Beginning with the line containing "Screenshot 3: Idle Ocean Cleaner Eco Tycoon" and ending with the line containing "OLIVE WIDE LEG PANT", write out each line of the records below exactly; pictures and lines outside that range are left out.

- [SOURCE INFORMATION]:

____________

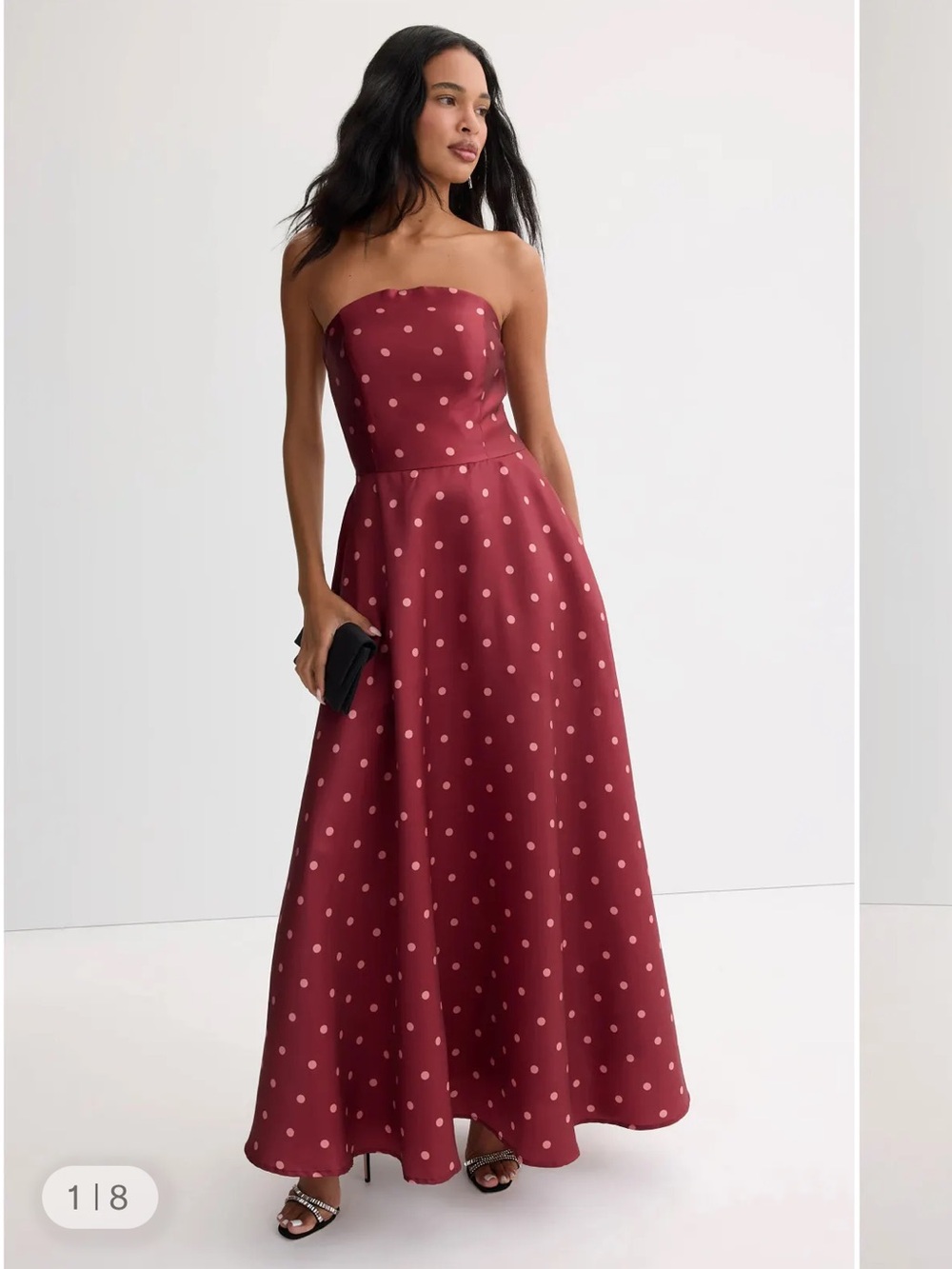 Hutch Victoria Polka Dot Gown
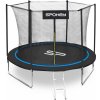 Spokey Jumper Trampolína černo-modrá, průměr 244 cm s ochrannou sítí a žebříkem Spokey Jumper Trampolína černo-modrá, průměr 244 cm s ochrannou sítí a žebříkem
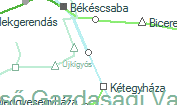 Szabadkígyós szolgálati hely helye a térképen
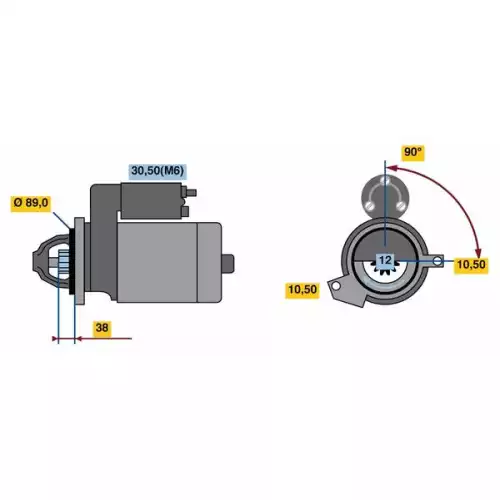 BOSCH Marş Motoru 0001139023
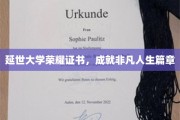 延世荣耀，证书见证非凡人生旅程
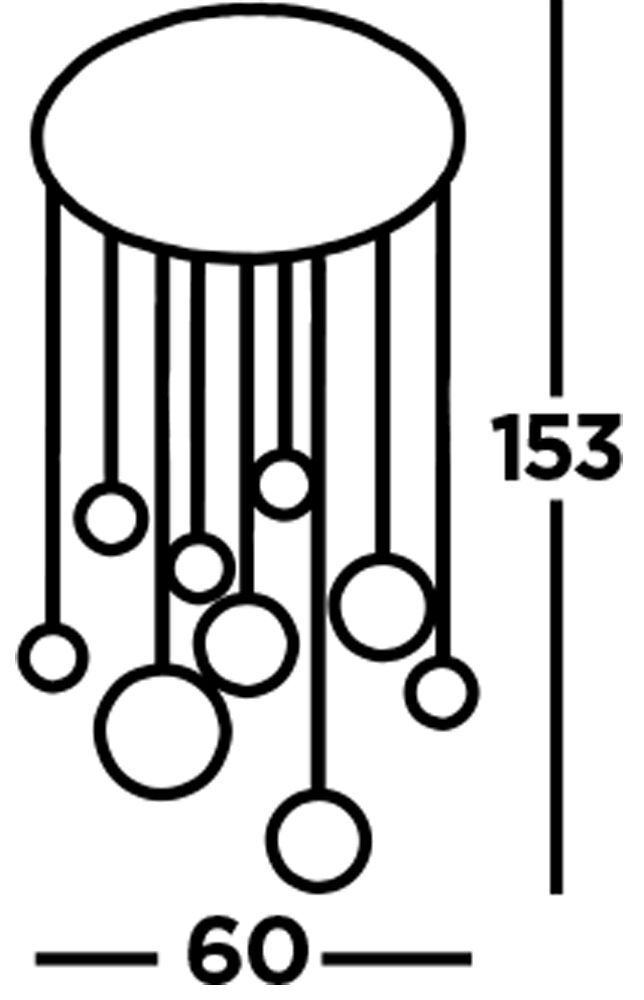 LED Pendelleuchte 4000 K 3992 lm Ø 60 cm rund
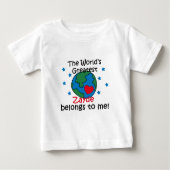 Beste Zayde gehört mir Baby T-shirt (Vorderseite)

____________

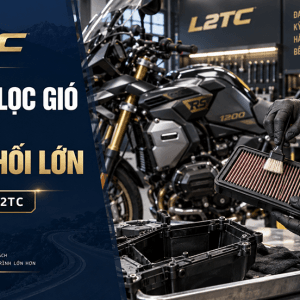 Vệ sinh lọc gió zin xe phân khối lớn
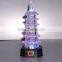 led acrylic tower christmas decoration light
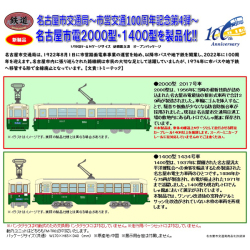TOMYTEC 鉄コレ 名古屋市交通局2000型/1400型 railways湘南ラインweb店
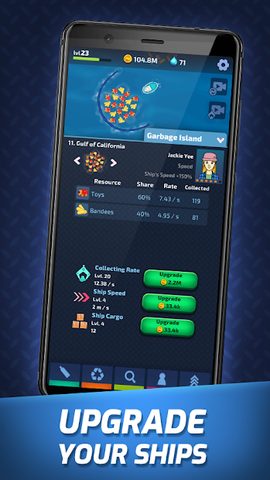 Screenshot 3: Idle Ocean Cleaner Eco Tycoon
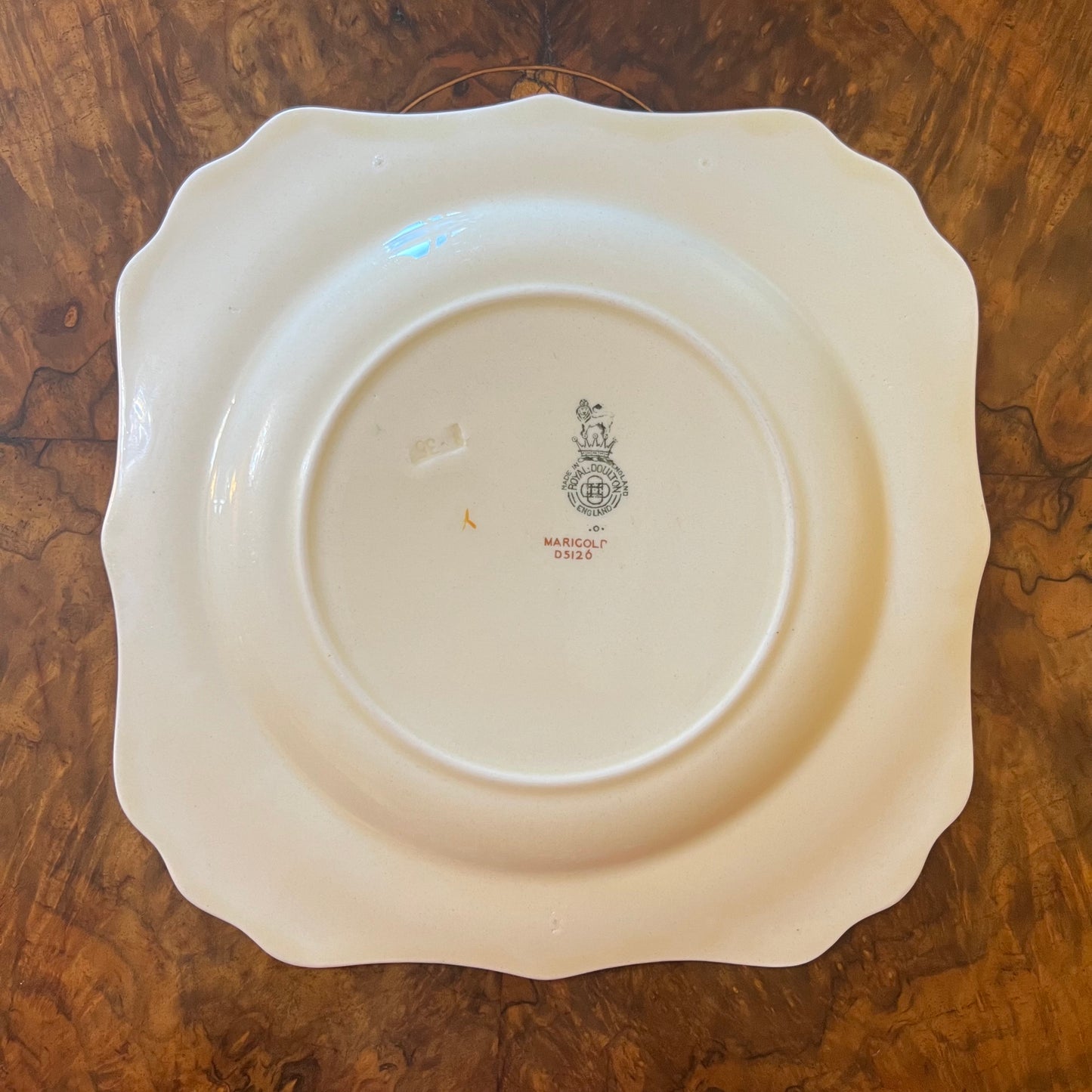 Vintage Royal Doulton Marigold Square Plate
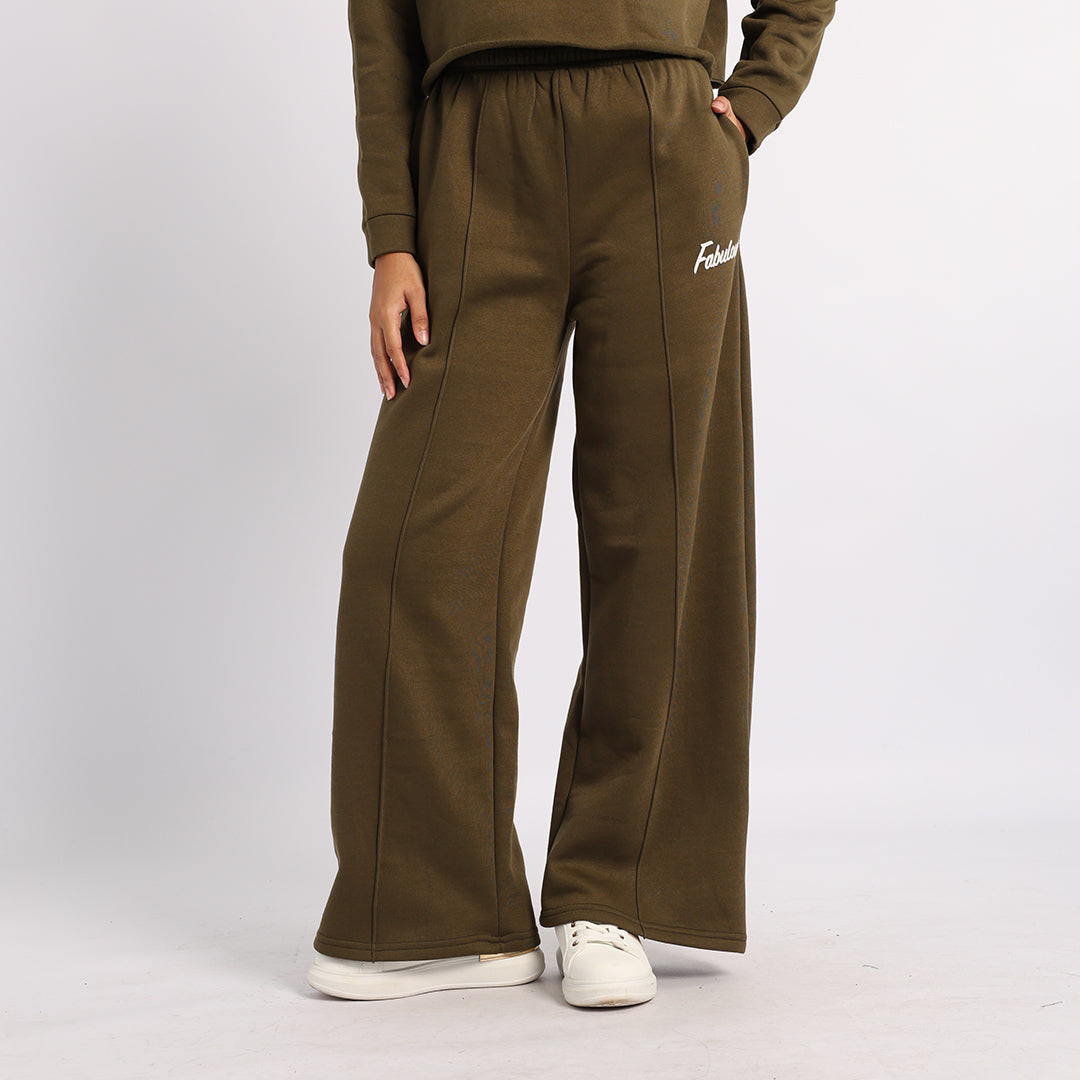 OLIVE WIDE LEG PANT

____________

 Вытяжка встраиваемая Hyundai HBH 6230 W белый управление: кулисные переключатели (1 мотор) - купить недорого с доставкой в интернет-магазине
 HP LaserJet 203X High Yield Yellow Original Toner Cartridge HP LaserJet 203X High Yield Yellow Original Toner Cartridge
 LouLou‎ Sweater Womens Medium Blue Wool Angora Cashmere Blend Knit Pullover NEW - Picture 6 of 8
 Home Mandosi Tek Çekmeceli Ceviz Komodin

____________

- [EXERCISE RESPONSE]:
 Screenshot 3: Idle Ocean Cleaner Eco Tycoon
 Vintage Royal Doulton Marigold Square Plate
 OLIVE WIDE LEG PANT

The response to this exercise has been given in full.